Those of you who have been following WoW.com know that Blizzard is giving serious consideration to the idea of mandatory authenticators. If you don't know what an authenticator is (if you do, skip this paragraph), it's a small device that adds an extra layer of security to your account. When you push the button on your authenticator, it gives you a six-digit number. That number changes every thirty seconds or so (I don't know how frequently it actually changes; that's just a rough guess). After you attach the authenticator to your account, every time you log in to WoW, you will be asked to type in that six-digit number. The net effect is that your account becomes practically unhackable.
To give you a summary of the WoW.com article and what it assumes you know, gold sellers get their gold by hacking other players' accounts and stealing whatever gold and items they can. They do this by stealing your account info (username and password) through keyloggers or phony sites that ask for your account info. Once they have your username and password, they log into your account and take everything you have. Blizzard can restore your account to its former state, but hacking has become such a problem that it now takes days for such restorations to take effect, simply because so many players are being hacked and requesting restorations. This is really bogging down Blizzard's support team, but how to put a stop to it? Well, if everyone had authenticators, hacking players' accounts would be almost impossible. Hence Blizzard giving serious consideration to making authenticators mandatory if you want to play WoW. But should they?

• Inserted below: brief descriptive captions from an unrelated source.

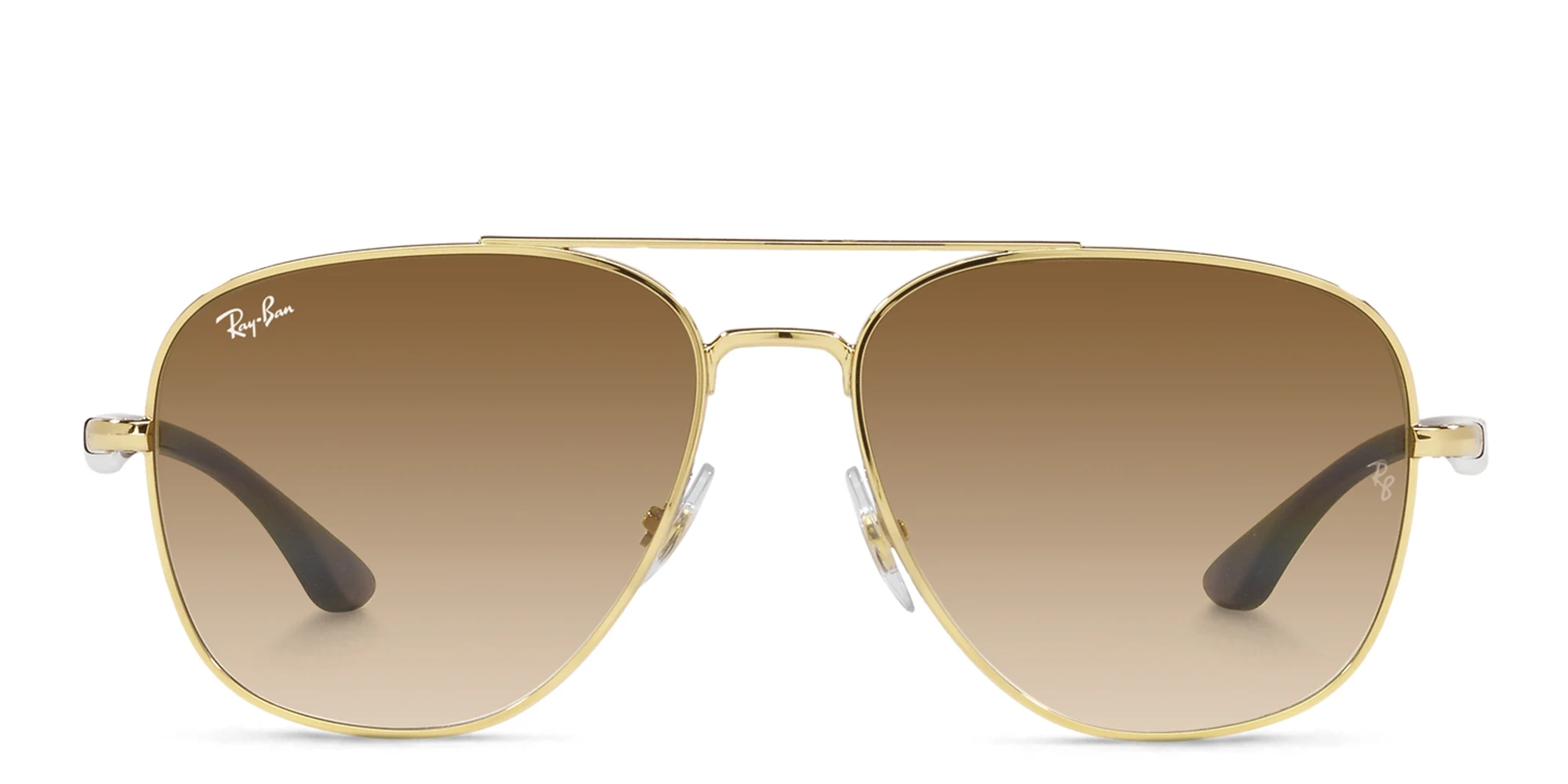 Shop Ray-Ban Unisex Square Sunglasses in Gold online.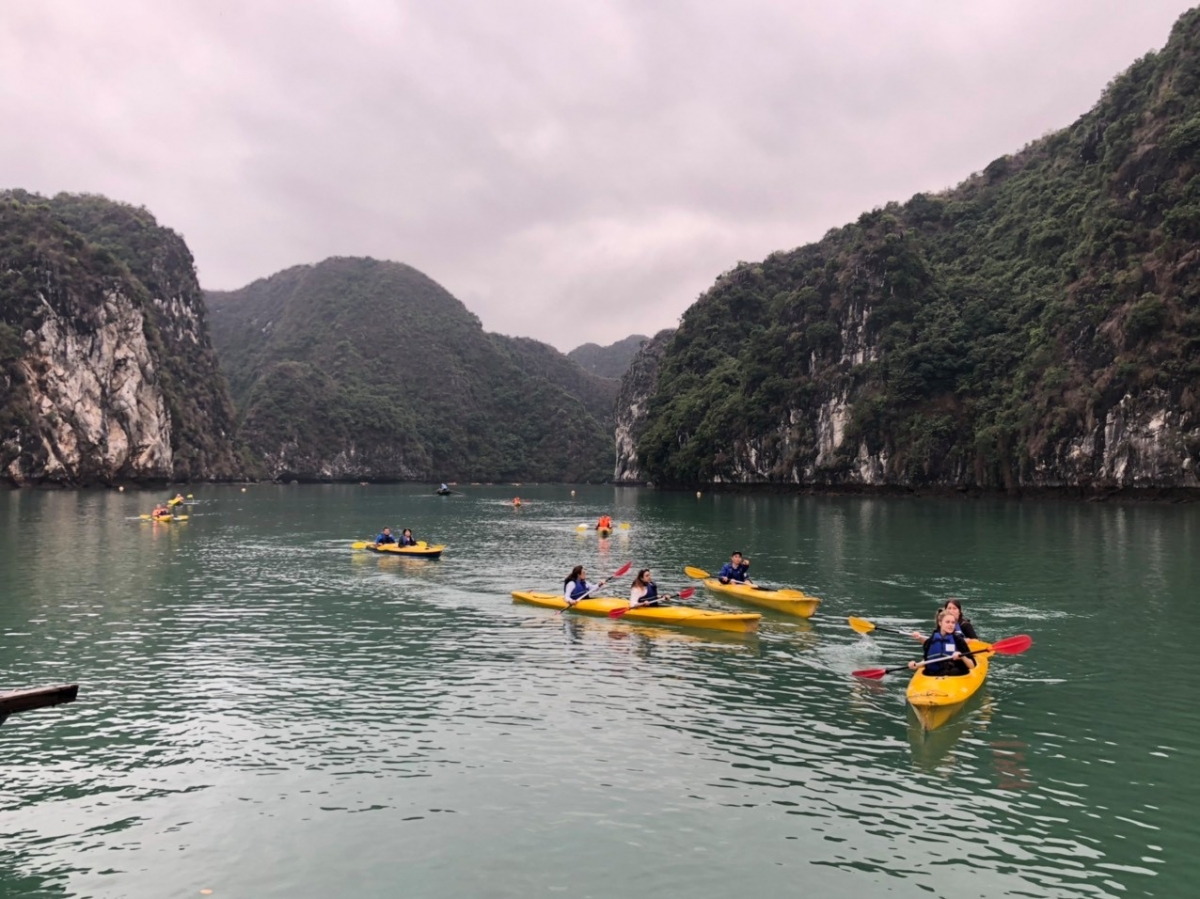 cheo thuyen kayak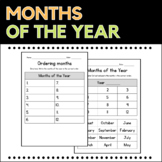 Calendar - Months of the Year - Ordering the Months - Cut 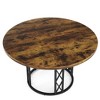 Resenkos Dining Table, Living Room Table,Round Dining Table for 4 People, 47" Kitchen Table with Metal Base,Brown & Black - 4 of 4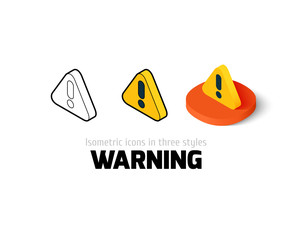 Warning icon in different style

Let's get a few things straight; no matter how much you know about computer security, and no matter how safe you think you are, it is possible for you to be hacked. The number of stories in the WoW.com comment section about people who thought they could never be hacked but were should attest to that. Also, though it is possible to hack an iPhone/iPod Touch authenticator and thus hack the authenticated account (possible, but certainly not easy), having a physical authenticator makes you pretty much immune to hacking. Finally, all of the conclusions I come to below assume that Blizzard is willing and able to ship authenticators to all of its customers, regardless of where they are, which currently isn't the case, but that could always change.
So, should authenticators be mandatory? For starters, I think that if you have already been hacked, then you should be required to have an authenticator before you can log in again. Being hacked shows that, no matter what you may think, you made some mistake that made you vulnerable to being hacked, and thus you are liable to be hacked again, which creates more work for Blizzard. As such, I think Blizzard should make authenticators mandatory for anyone who is hacked. Or failing that, limit players to one account restoration unless they get an authenticator. If they are hacked once, they don't take the proper precautions to prevent it from happening again, and it happens to them again? Tough luck; have a nice day and enjoy starting over.

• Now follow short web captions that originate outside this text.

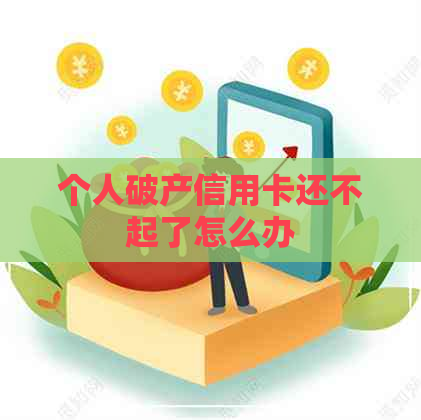 个人破产信用卡还不起了怎么办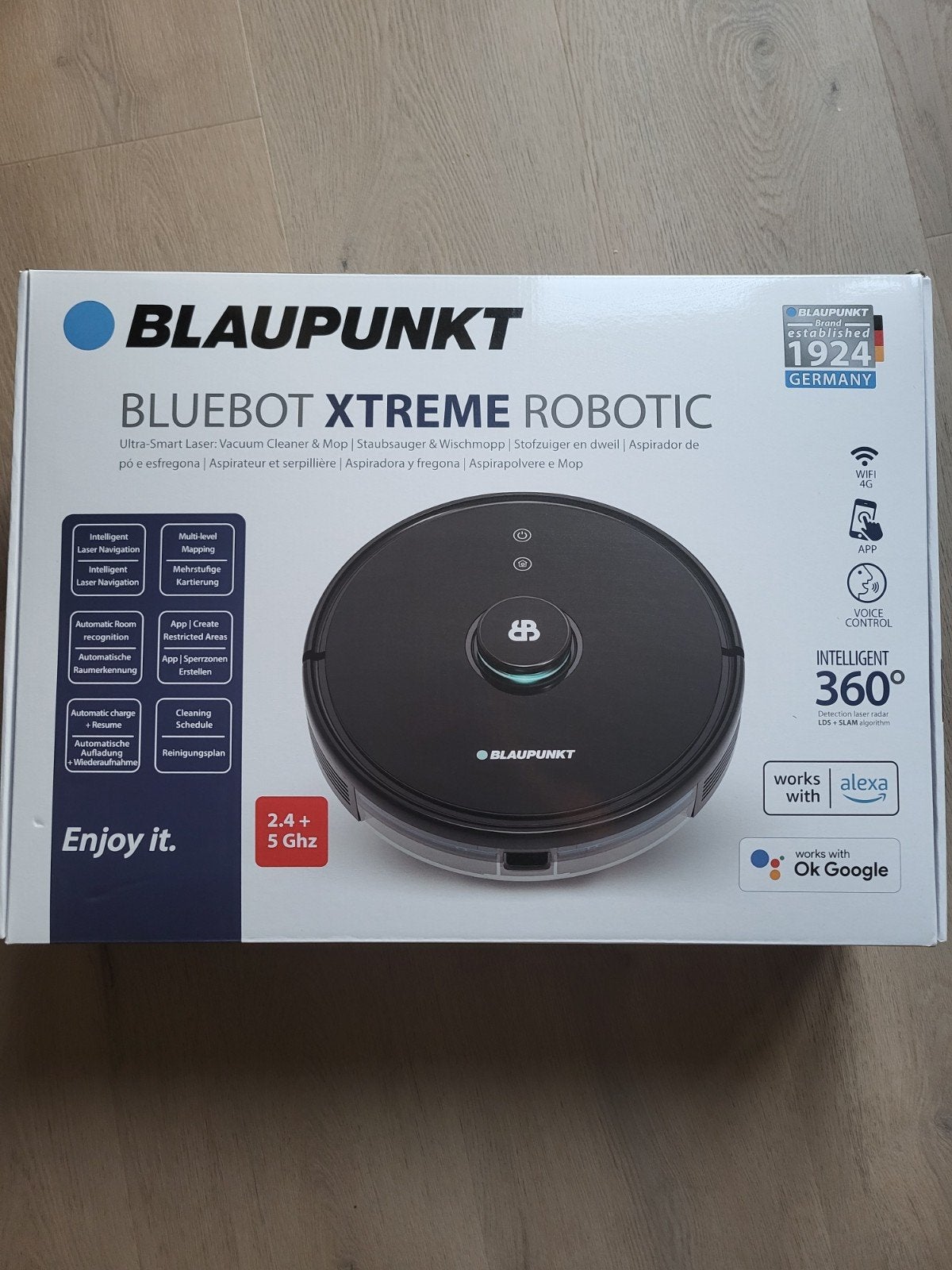 BlaupunktBluebot Xtreme Robotic Stofzuiger FABRIEKSGARANTIE, Witgoed en Apparatuur, Stofzuigers, Ophalen, Overige merken, Nieuw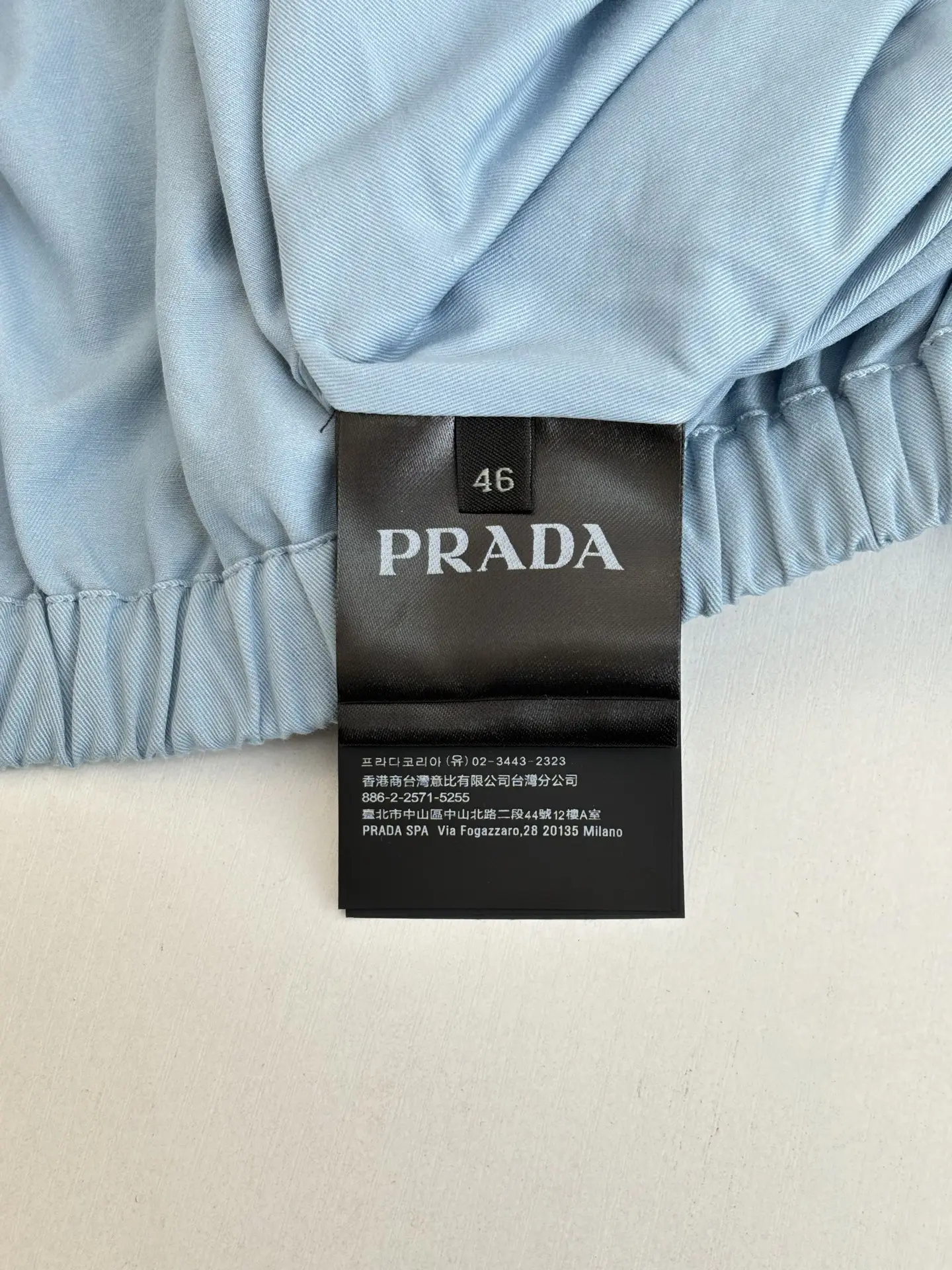 Logo-Embroidered Cotton Canvas Harrington Jacket D38522009 — view 11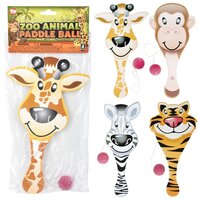 9" Zoo Animal Paddle Ball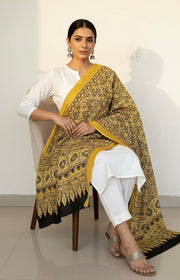 Rajasthani Ajrakh Mul Cotton Dupatta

But what about everyone else? For starters, hackers are only going to target accounts worth hacking, meaning accounts with a lot of money on them. As such, they aren't going to target the accounts of people who haven't even reached 60. If Blizzard were to make authenticators universally mandatory, that would mean that even people trying the game for the first time would need to have one. That would turn a lot of people off from trying WoW, all for the sake of protecting people who wouldn't be targeted. Sure, hackers will go for any gold they can, but would they really go for someone with only one hundred gold, spread between five characters? Considering how cheap gold is these days (on my realm on the first site I got when I googled "buy WoW gold", $1 will get you 200 gold), I doubt they would. While I don't know what they threshold is for what makes an account "hack worthy," there is no point in requiring authenticators for people who fall below that threshold.

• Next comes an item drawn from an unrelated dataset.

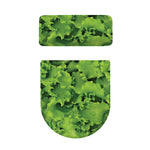Salad Vegetable Print Toilet Lid And Tank Cover Set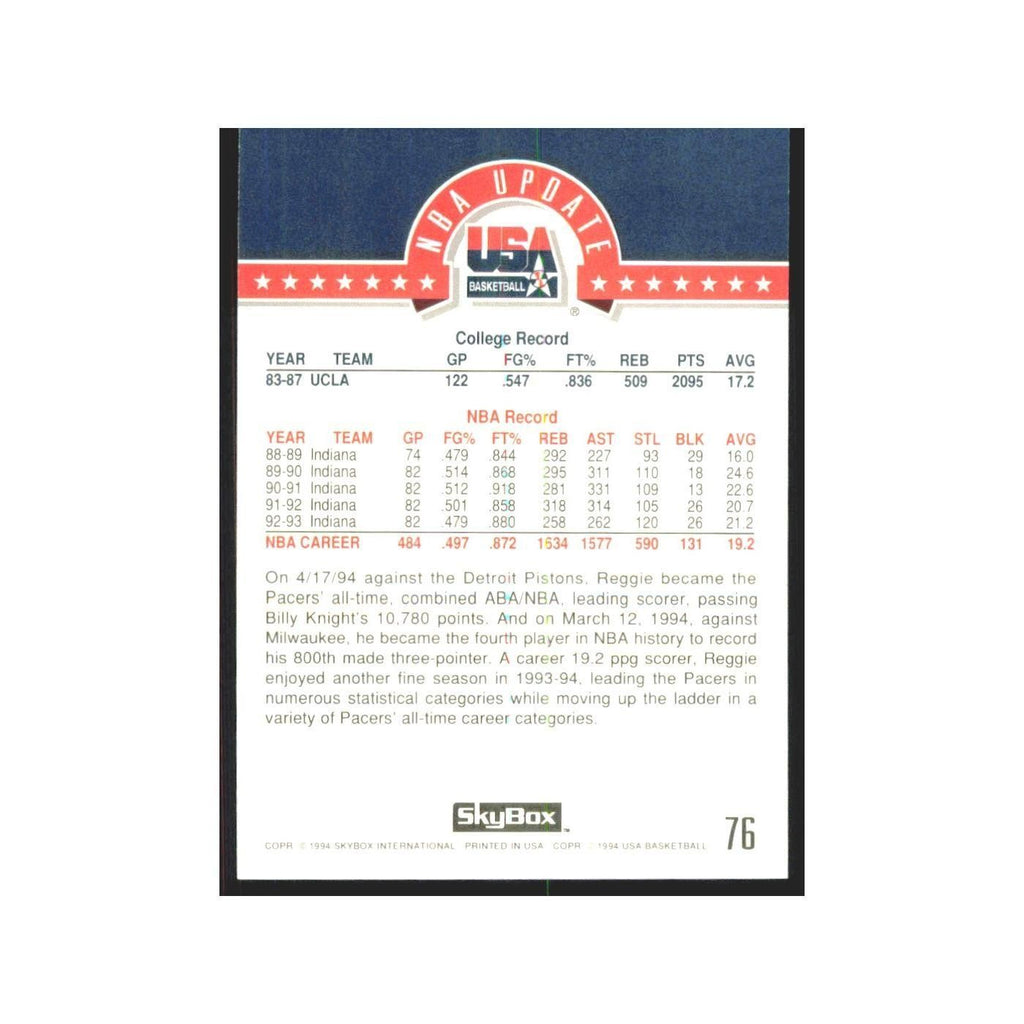 1994 SkyBox USA Reggie Miller USA #76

Still, we can try to guess where that threshold may be, and if Blizzard wants to responsibly implement a mandatory authenticator policy, they will have to guess. I would guess that no one is worth hacking until they hit sixty, at the very least. Outland is when quests start rewarding significant amounts of gold, but significant is a relative term. My shaman is about to hit 61, and after three levels in Outland, he still only has 156 gold. That wouldn't even go for a dollar on my realm, so if he were my only character, a hacker wouldn't get much out of stealing my account. Still, as players approach the level cap, the amount of gold they have increases significantly, to the point where hacking them may be worth it.
Regardless of what level a person needs to reach before they are generally hack-worthy, the solution Blizzard implements needs to be easy to carry out and elegant in its execution. For that reason, I stand with much of the player base in saying that anyone who wants to upgrade their account to a Cataclysm account should be required to have an authenticator. All Cataclysm boxes could ship with authenticators included in them, and if the authenticator isn't attached to your account, you can install the game, but you won't be able to upgrade your account, which you need to do to actually play the new 80-85 content. By the time a player reaches 80, they will probably have enough gold to make them hack worthy, and requiring an authenticator get the next expansion means that players won't feel as forced to get an authenticator as they would feel if they were simply required to have one by a certain date (like with the battle.net transfer). Players could get authenticators in their own time when they actually needed one.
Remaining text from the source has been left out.